Matthew Lackey is an officer for the City and County of Denver Police Department. On Sunday, May 29, 2011, Lackey began his regularly scheduled shift at 4 p.m. and concluded that shift at 2 a.m. the following morning on Monday, May 30, 2011. In that year, May 30 was Memorial Day, a recognized holiday pursuant to Article 11.1 of the collective bargaining agreement between Denver and the Denver Police Protective Association and was also Lackey’s scheduled day off. Lackey worked for only two hours on May 30, 2011 to end his shift that had begun the previous day. He engaged in no work for the remainder of the May 30, 2011 calendar day.
The City compensated Lackey for the full work shift, for two hours of overtime for the hours actually worked on May 30, and for six hours of holiday compensation for the balance of the Memorial Day holiday that fell on Lackey’s day off. The Association took the position that the recognized Memorial Day holiday for officers who work a partial shift on that day mandated that they receive both holiday premium pay for time actually worked on the holiday and eight hours of holiday pay. When the dispute could not be resolved, a grievance filed by the Association was referred to arbitration.
That Arbitrator sustained the City’s position. The Arbitrator started with the general observation that “it appears that there is no lack of disputes regarding the pay and benefits relative to holiday, overtime, and comp time within the public safety sector, and in virtually every instance where there is no specific language addressing the unique problem presented, the Arbitrator must rely on past practice to discern what the Parties consider the intent of the existing language and how they have filled in the gaps in trying to apply inconsistent or nonexistent contract language.”
The Arbitrator noted that “the primary purpose of holiday pay provisions is to ensure the employee against the possible loss in earnings when he or she does not work because of a holiday occurring during the workweek. Many contracts explicitly, or by clear implication, include pay for holidays that fall on days when the employee would not have been scheduled to work, such as a regular day off or a Saturday.
“In looking at the specific language of Article 11, Lackey is clearly entitled to one and one-half times his base rate of pay for ‘any time’ actually worked on a holiday. The evidence is clear that the Grievant worked for two hours on a holiday and should be paid one and one-half times his base rate of pay for those hours actually worked. The ambiguity occurs in looking at the contract’s language which addresses the question of: ‘What should an officer be paid in holiday pay for the holiday that falls on his scheduled day off?’
“In that there is no guarantee of eight hours of pay for the holiday in the contract, as the language of the contract only indicates that the officer shall receive ‘pay for the holiday,’ I find that the language should be read in context with the rest of the holiday language in the contract, and thus would not result in an eight-hour payment in addition to and irrespective of any other pay for hours worked. In essence, the holiday pay is not an eight-hour bonus payment, but merely a payment intended to compensate an employee for work potentially missed because of the holiday. Lackey only missed six hours, not eight, and was paid for eight, two of which were paid at the overtime rate because he actually worked them.
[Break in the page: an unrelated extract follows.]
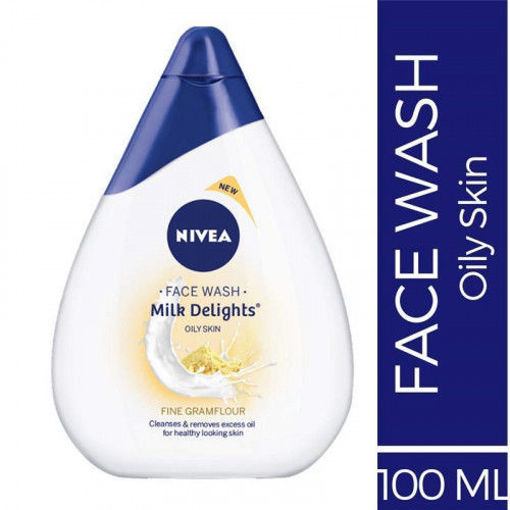 Picture of Nivea Milk Delights Face Wash Besan 100ml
“To avoid an absurd or unintended result, I must find that Lackey and all other similarly situated employees can receive no more than eight hours of pay and or work hours on a holiday. In other words, if the employee, instead of having worked the first two hours of the holiday and instead worked the last two hours of the holiday, the employee would still receive six hours of holiday pay and two hours at the premium time and one-half pay for work on the holiday. I find that this has been the practice, virtually without exception, and that to consider the holiday pay to be an eight-hour bonus, irrespective of work or non-work, not only conflicts with the current language of the contract, but would be in total contravention of the parties’ past practice, and indeed would be adding language to the collective bargaining agreement.”
City and County of Denver, 130 LA 837 (DiFalco, 2012).